“受贿行贿一起查”高压下,企业高管如何应对商业贿赂刑事风险?

(编辑:蚂蚁刑辩 日期:2026年04月09日)

“受贿行贿一起查”高压下,企业高管如何应对商业贿赂刑事风险?

蚂蚁刑辩团队  贺诗岚律师

自刑法修正案(十二)施行以来,“受贿行贿一起查”的政策持续升级,商业贿赂治理已进入全面深化的新阶段。企业及从业人员面临的刑事风险显著上升,尤其是企业高管,一旦涉案,不仅面临人身自由风险,更可能对企业经营造成致命打击。
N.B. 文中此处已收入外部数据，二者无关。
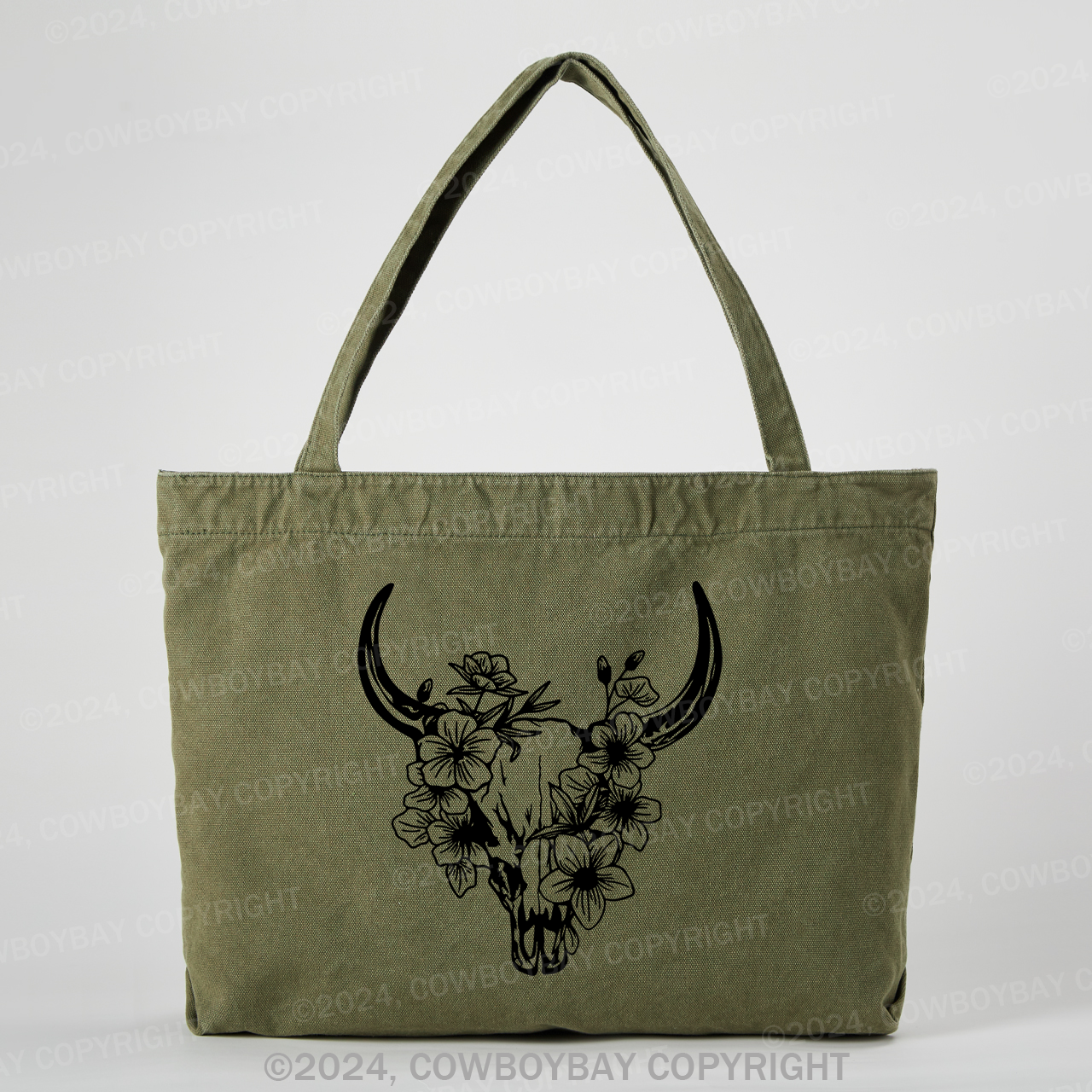 Floral Cow Skull Country Tote Bag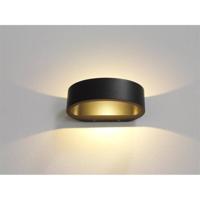 Wandlamp Artdelight Sharp 1 Lichts LED 2700K Dimbaar Zwart/Mat Goud - thumbnail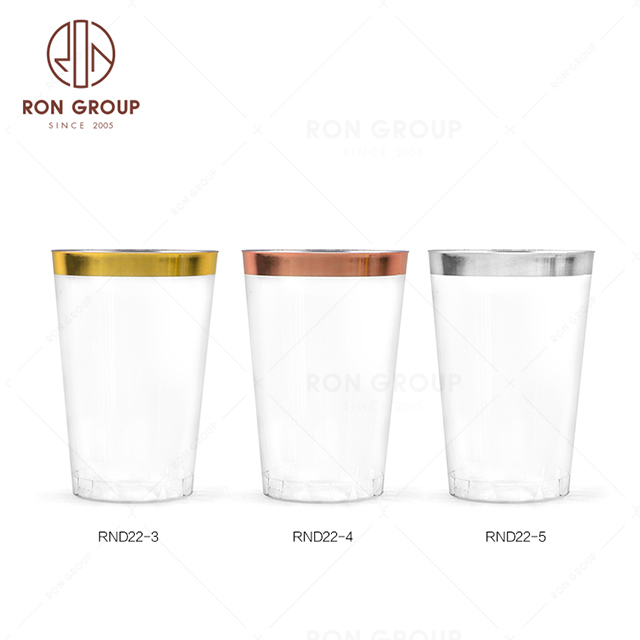 12oz Gold Rosegold Silver rim Wholesale glass Plastic Wine Cups Party Catering Clear Disposable Glasses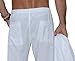 Natural Cotton Santorini Mens Drawstring Beads Long Pants (X-Large, White)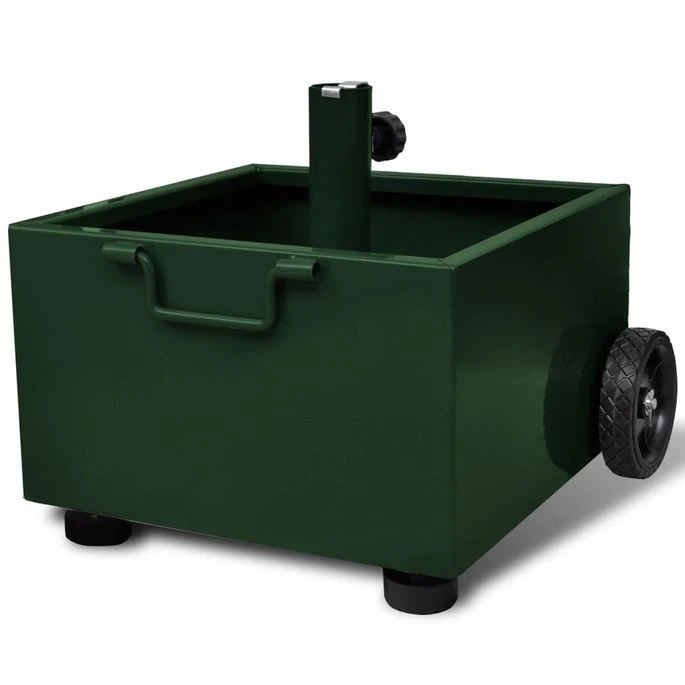 Pot De Plantes Et Support De Parasol D'extérieur 2-en-1 Vert 4 Pot De Plantes Et Support De Parasol D'extérieur 2-en-1 Vert – Image 2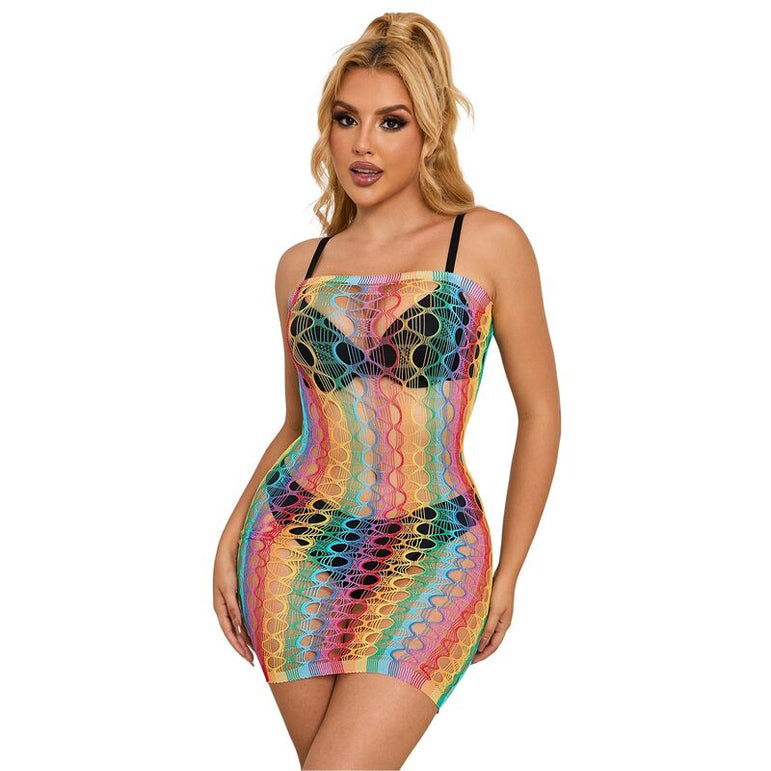 SUBBLIME - 952365 ROBE RÉSEILLE ÉPAULES NUES ARC-EN-CIEL TAILLE UNIQUE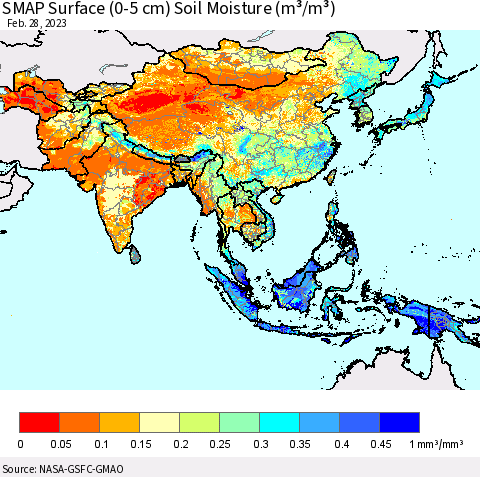 Asia SMAP Surface (0-5 cm) Soil Moisture (m³/m³) Thematic Map For 2/26/2023 - 2/28/2023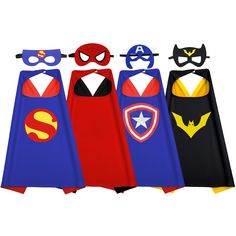 three children's capes with superhero logos on them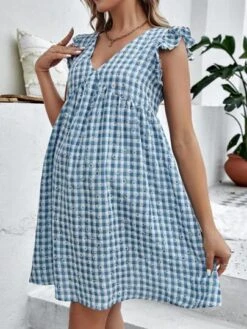 SHEIN Maternity Gingham & Ditsy Floral Print Ruffle Trim Smock Dress -SHEIN STORE 16820499984fd99bf0f15689d7b87697ae943dfd9e thumbnail 405x552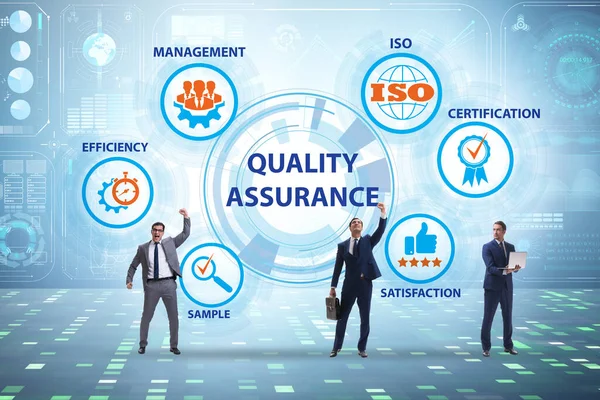 stock image Businessman in the quality assurance concept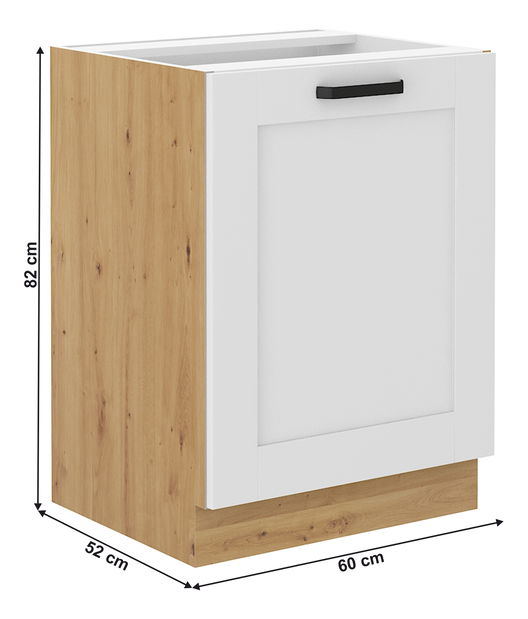 Spodní skříňka Lesana 2 (bílá + dub artisan) 60 D 1F BB 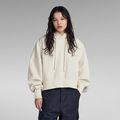 Oversized Cropped Hoodie - Beige - Women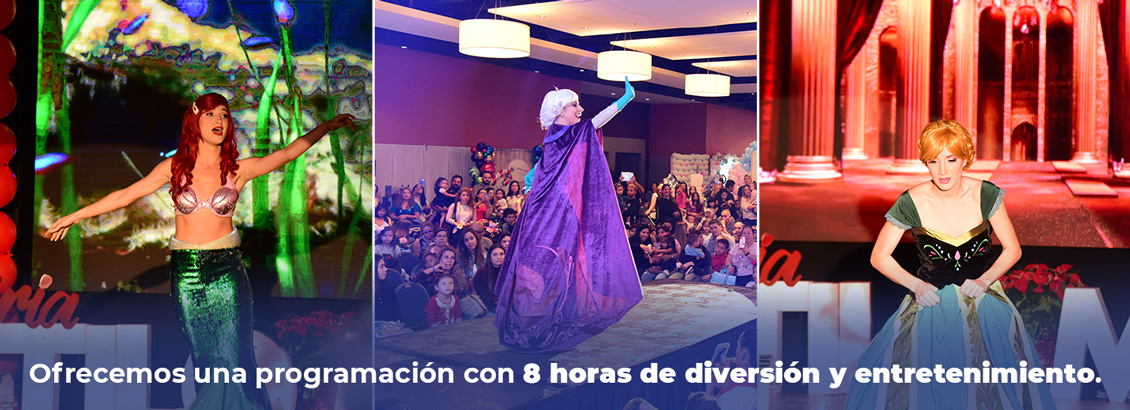 Tres princesas de Disney en el show de Feria Estilo Mamá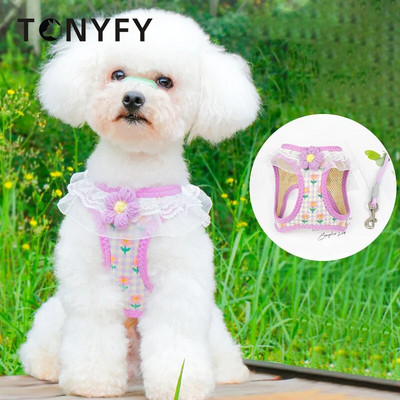 Vest Pet Harness Printed Flower Lace Dog Cats Outdoor Walking Supplies Chest Strap Tracking Leash for Small Medium Puppy Dog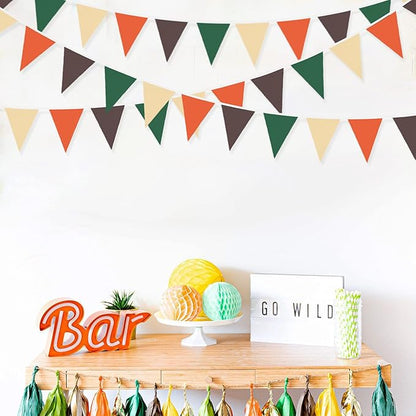 32Ft Orange Green Brown Party Decorations Triangle Flag Pennant Bunting Fabric Garland for Jungle Safari Animal Party Zoo Themed Wild One Forest Baby Shower Fall Wedding Birthday Decoration
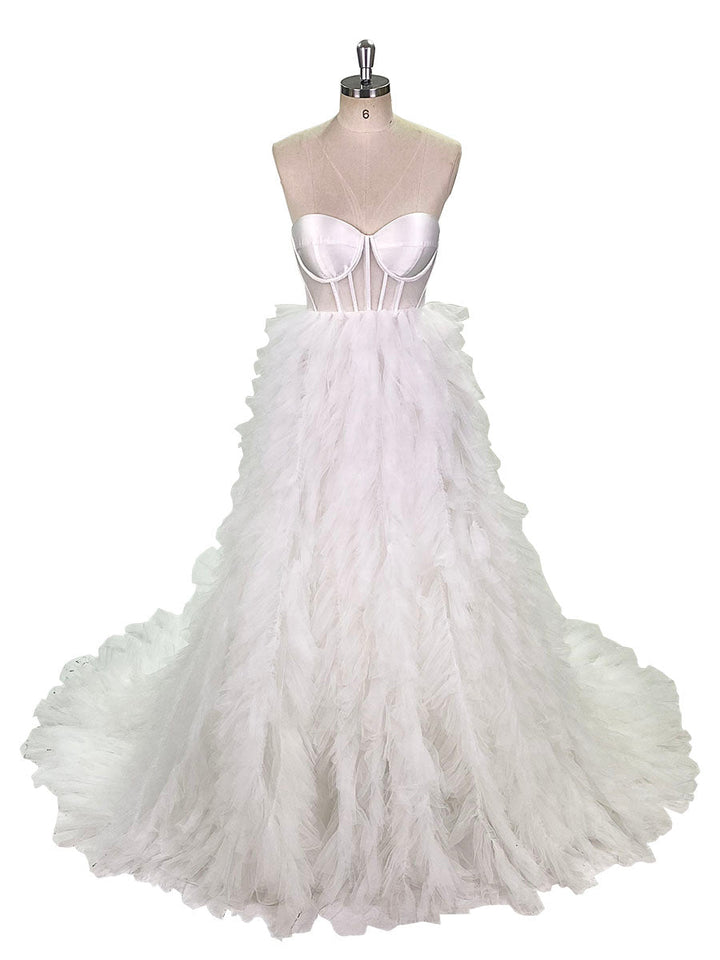 Elegantes, errötendes, rüschenbesetztes Tüll-Brautkleid, Foto-Shooting-Kleid, YEWEN YW220924 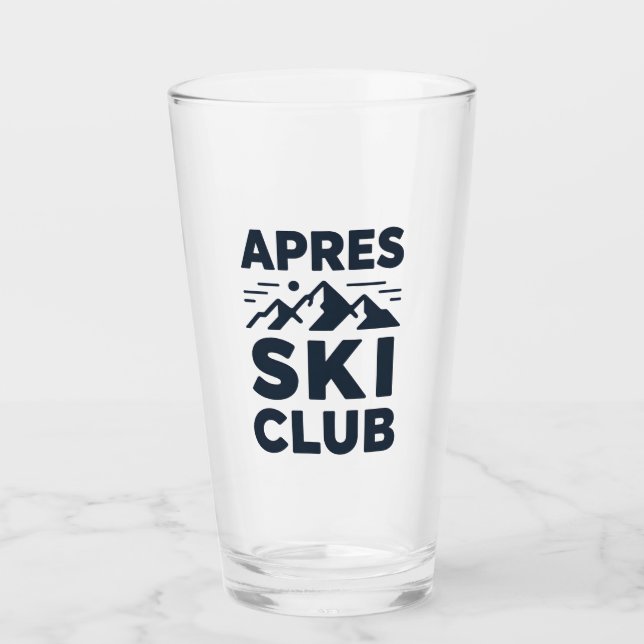 Apres Ski Club Mountain Logo - Custom Mens Winter  Glass (Front)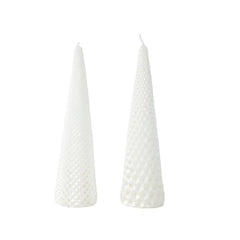 Decoris Paraffin Wax Cone Candle with Glitter 20cm - Metallic Winter White (2 Assorted)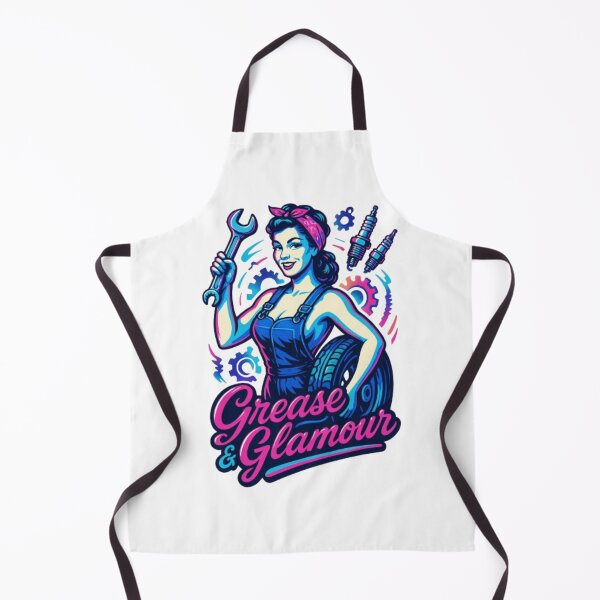 Item preview, Grease & Glamour Neon Pin-Up Mechanic Design – Retro Garage Girl Artwork for Car Lovers & Rockabilly Fans designed and sold by GemBob Creations.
在这一背景下,对非国家工作人员行贿罪的辩护空间,尤其是“被追诉前主动交代”这一法定从宽情节的认定,成为企业高管及其辩护律师必须精准把握的核心问题。本文将聚焦对非国家工作人员行贿罪,从实务视角深度解析“被追诉前主动交代”的认定规则,并系统梳理配套的量刑辩护体系,为企业高管提供应对商业贿赂刑事风险的实务指引。

一、“被追诉前”的认定:刑事立案前

《刑法》第一百六十四条第四款规定,对非国家工作人员行贿罪的行贿人在被追诉前主动交代行贿行为的,可以减轻处罚或者免除处罚。这是刑法分则中对行贿类犯罪的特殊从宽规定,准确认定“被追诉前主动交代”,是行贿人争取不起诉或免予刑事处罚的“重磅利器”。

(一)以刑事立案作为追诉起点

《刑事诉讼法》第一百零九条规定,公安机关或者人民检察院发现犯罪事实或者犯罪嫌疑人,应当按照管辖范围,立案侦查。因此,立案侦查是办案机关进行刑事追诉活动的正式起点。在此之前,无论行为人以何种身份接受调查,均尚未进入“被追诉”状态。

针对行贿案件,2012年两高出台的《关于办理行贿刑事案件具体应用法律若干问题的解释》(以下简称《司法解释》)第十三条明确规定,刑法第三百九十条第二款规定的“被追诉前”,是指检察机关对行贿人的行贿行为刑事立案前。这一规定确立了行贿罪以“刑事立案”作为划分追诉前后的时间标准。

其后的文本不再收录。